Führungsdebatte bei den Grünen:Künast will Spitzenkandidatin werden

Konkurrenz für Claudia Roth und Jürgen Trittin: Nach langem Schweigen geht Renate Künast in die Offensive und kündigt ebenfalls ihre Kandidatur für das Grünen-Spitzenduo zur Bundestagswahl 2013 an. Damit wird es zu einer Kampfabstimmung kommen.

Robert Roßmann und Michael Bauchmüller, Berlin

Die Fraktionsvorsitzende der Grünen im Bundestag, Renate Künast, will ihre Partei in die Bundestagswahl 2013 führen. Künast sagte in einem Interview der Süddeutschen Zeitung: "Ich bewerbe mich, eine der beiden Spitzenkandidaten zu werden." Sie wolle damit "einen Beitrag dazu leisten, dass die Grünen ihr Spitzenergebnis von 2009 noch einmal toppen" und auf diese Weise "die schwarz-gelbe Koalition ablösen" können. In der Partei war seit Monaten über eine Kandidatur spekuliert worden, die 56-Jährige war den Fragen aber immer ausgewichen.

Herbstklausur der Grünen

Bei den Grpünen droht eine Kampfabstimmung nachdem Renate Künast ihre Kandidatur für das Spitzenduo zur Bundestagswahl 2013 angekündigt hat.

(Foto: dpa)

Künasts Kollege an der Fraktionsspitze, Jürgen Trittin, hatte bereits vor eine Woche seine Bereitschaft zur Kandidatur verkündet. Da auch Parteichefin Claudia Roth antreten will, können die Grünen ihr Spitzen-Duo nun aus mehreren Bewerbern wählen.

Im vergangenen Herbst hatte Künast enttäuscht

Am Freitagnachmittag hob auch noch Bundestags-Vizepräsidentin Katrin Göring-Eckardt den Finger: Sie wolle gerne Mitglied eines "Spitzenteams" werden, ließ sie auf ihrer Homepage wissen. Allerdings schließen sowohl Trittin als auch Künast ein solches, größeres Team aus. Sie bewerbe sich, "eine der beiden Spitzenkandidaten" zu werden, sagte Künast der SZ. "Es geht um eine Funktion auf Zeit, bei der zwei Köpfe weiter vorne stehen und motivieren müssen."

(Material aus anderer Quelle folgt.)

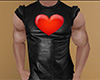 Heart Leather Shirt 1 M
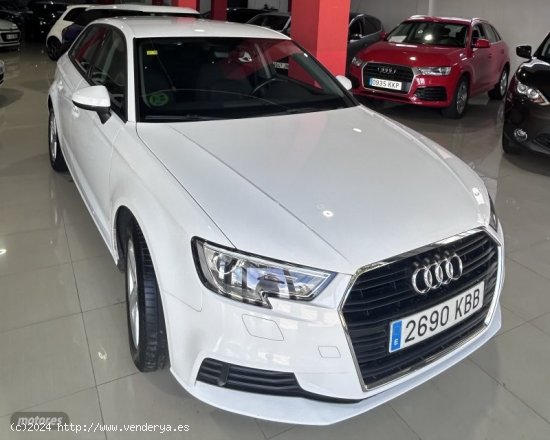 Audi A3 1.0 115 CV SPORTBACK de 2017 con 86.583 Km por 15.300 EUR. en Tenerife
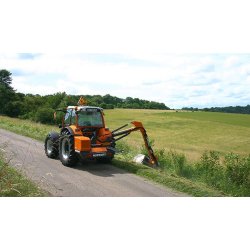 Axiona broyeur forestier - noremat - hauteur maxi sur haie 3.71 / 4.1 m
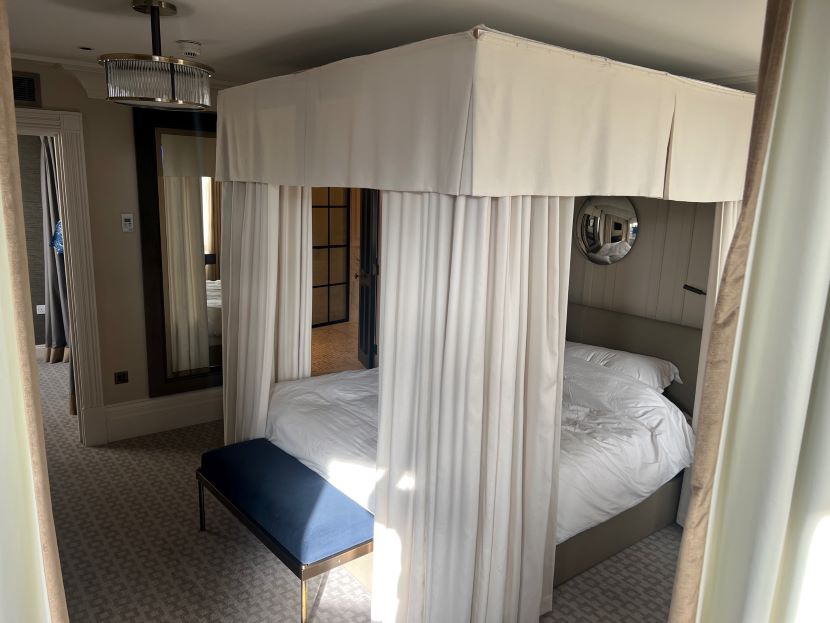 kimpton fitzroy london 1 bed suite bed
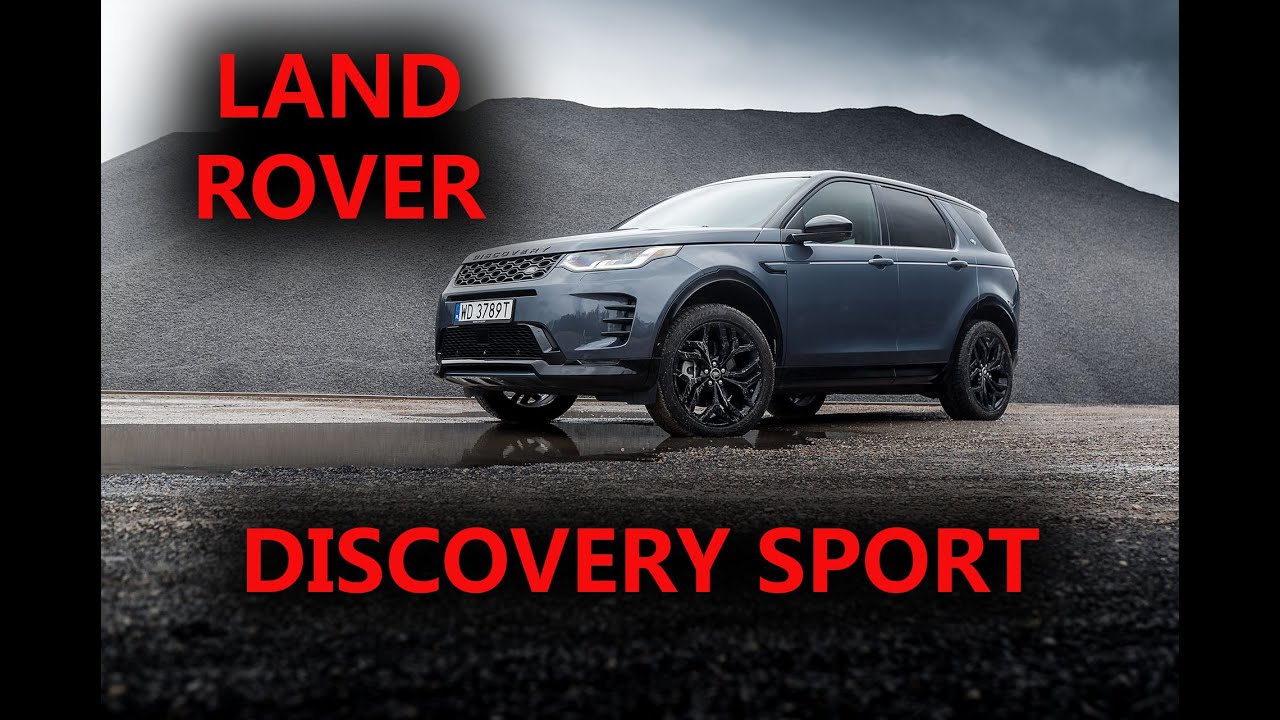 Land Rover Discovery Sport 2.0D 2024 TEST - AAAA inny, Nie Audi, nie BMW - Auto z rąsi odc. 71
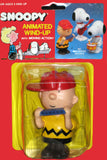 Charlie Brown Wind Up Harmonica Toy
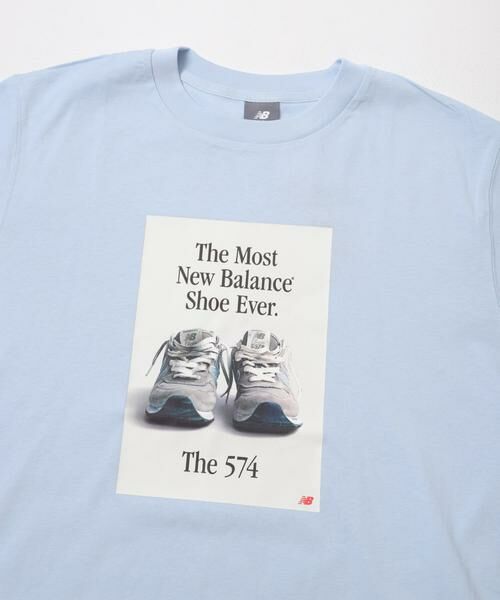 URBAN RESEARCH DOORS / アーバンリサーチ ドアーズ Tシャツ | NEW BALANCE　574広告Tシャツ | 詳細2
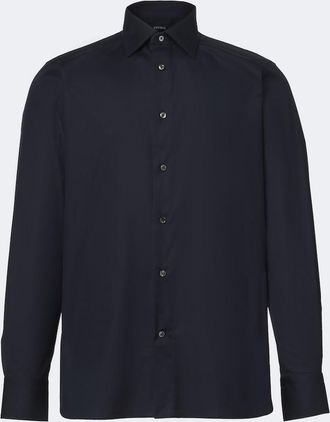 Ermenegildo Zegna Camicia in misto cotone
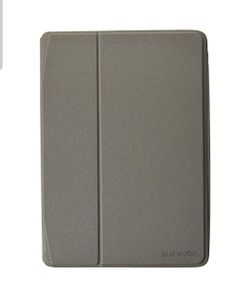 Griffin Technology iPad Pro 10.5 Impact Resistant Protective Folio, [Slim]Survivor Journey Folio, Space Gray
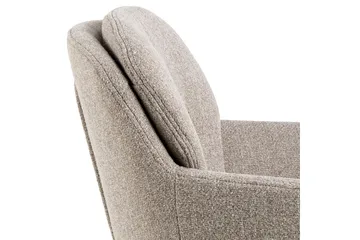 Frederika Karmstol - Beige - Möbler - Fåtölj & stolar - Matstol & köksstol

Lange war unklar, ob Künast noch einmal Spitzenkandidatin werden will. Bei der Wahl zum Berliner Abgeordnetenhaus im vergangenen Herbst hatte Künast als Spitzenkandidatin die großen Erwartungen enttäuscht. Statt die SPD zu überflügeln und die Regierende Bürgermeisterin zu stellen, landeten die Grünen in der Opposition. Selbst im eigenen Realo-Lager wurde Künast in der Folge scharf kritisiert. Im Interview spricht sie nun auch über diese Zeit. "Da gab es einiges zu verdauen", sagt Künast. "So was erledigt sich nicht in 14 Tagen." Nun aber sei sie "an Erfahrung reicher und hoch motiviert".

Mit Künast und Göring-Eckardt haben sich erstmals Politikerinnen des Realo-Flügels für die Spitzenrolle beworben. Trittin und Roth gehören beide dem linken Lager an. In einer Partei, die sorgsam nach Geschlecht und Flügelzugehörigkeit austariert, hatte die Aussicht auf ein rein linkes Spitzen-Duo in den vergangenen Wochen für erheblichen Ärger gesorgt.

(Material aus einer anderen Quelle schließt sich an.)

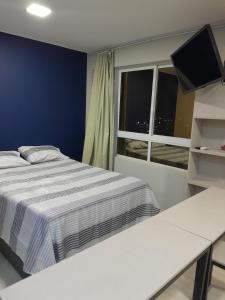 Loft mobiliado bem localizado com garagem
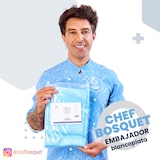 thumbnail of Bayeta Microfibra Azul Blancoplata 6 unidades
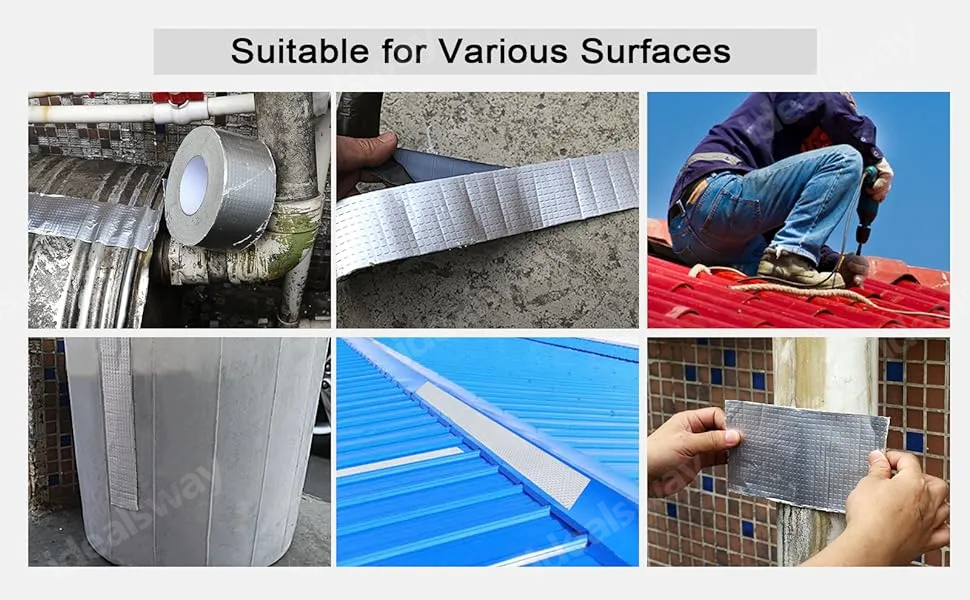 butyl aluminum tape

Einen neuen Lagerkonflikt wollen aber sowohl Künast als auch Göring-Eckardt vermeiden. "Ich führe das nicht als Flügeldebatte", sagte Künast jetzt. "Es geht darum, dass die Partei eine faire Auswahl hat." Und Göring-Eckardt betonte wortreich die großen Linien, über die sich die Partei "flügelübergreifend einig" sei.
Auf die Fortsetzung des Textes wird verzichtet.